Qu'il ne puisse être rien arrêté par la commission qu'il n'y ait au moins seize membres présents aux délibérations, dont quatre du clergé, quatre de la noblesse et huit du tiers-état.

Que tout ce qui aura été délibéré et arrêté par la commission soit consigné sur les registres de chaque greffier.

Nous demandons l'abolition du tirage forcé de la milice. Ne sommes-nous pas assez grevés d'impôts, sans ajouter á nos charges par une levée d'hommes, dont la perte devient le tour-ment de nos familles ? Puisque nos voisins ont le droit de payer en argent cette contribution, pourquoi sommes-nous obligés de contribuer de nos personnes? N'est-il pas injurieux pour une nation aussi franche, aussi généreuse qu'est la nôtre, dont la fidélité et l'attachement á ses souverains ne se sont jamais démentis, d'être forcée de subir le sort ? Le Roi doute-t-il donc du zèle des sujets de cette province, et de leur dévouement au  service qu'exigent la sûreté et la tranquillité de l'État ? N'est-il pas contre toutes les règles de la convenance et de la politique qu'un citoyen honnête, un fils unique, abandonne ses biens, ses possessions, laisse une mère en viduité, des frères en bas âge, pour suivre un état pour lequel il n'a que de la répugnance? On veut, dit-on, forcer par là les jeunes gens á se marier, pour accroître la population. La France manque-t-elle donc de sujets ? La population trop étendue n'est-elle pas quelquefois plus á charge que nécessaire á un état? Jugeons en par la disette qui se fait généralement sentir aujourd'hui dans tout le royaume. Les besoins sont pressants, les ressources s'épuisent, le pain manque, et les bras sont sans travail. Comment veut-on d'ailleurs encourager la population, en enlevant á un père de famille, un fils à peine arrivé à pas lent à cet âge où ce père peut espérer que les secours qu'il a le droit d'attendre de son fils vont le dédommager des dépenses qu'il a faites pour élever son enfance et des peines et des soins qu'il a donnés á son éducation ?

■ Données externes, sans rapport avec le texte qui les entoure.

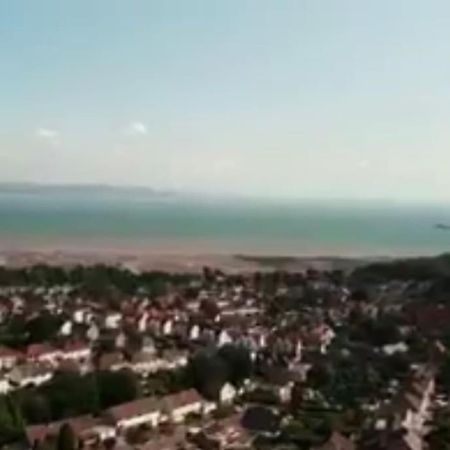 Mumbles - Modern Apartment With Panoramic Sea Views Oystermouth Luaran gambar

Nous demandons que, par la suite, les régiments provinciaux soient composés de sujets de la province enrôlés volontairement, et que dans les villes, bourgs et paroisses de campagnes, le tiers-état contribue à la levée des soldats en proportion de ses facultés. II est juste que celui qui a plus de possessions á conserver, paye plus les hommes qui lui garantissent la jouissance paisible de ses propriétés.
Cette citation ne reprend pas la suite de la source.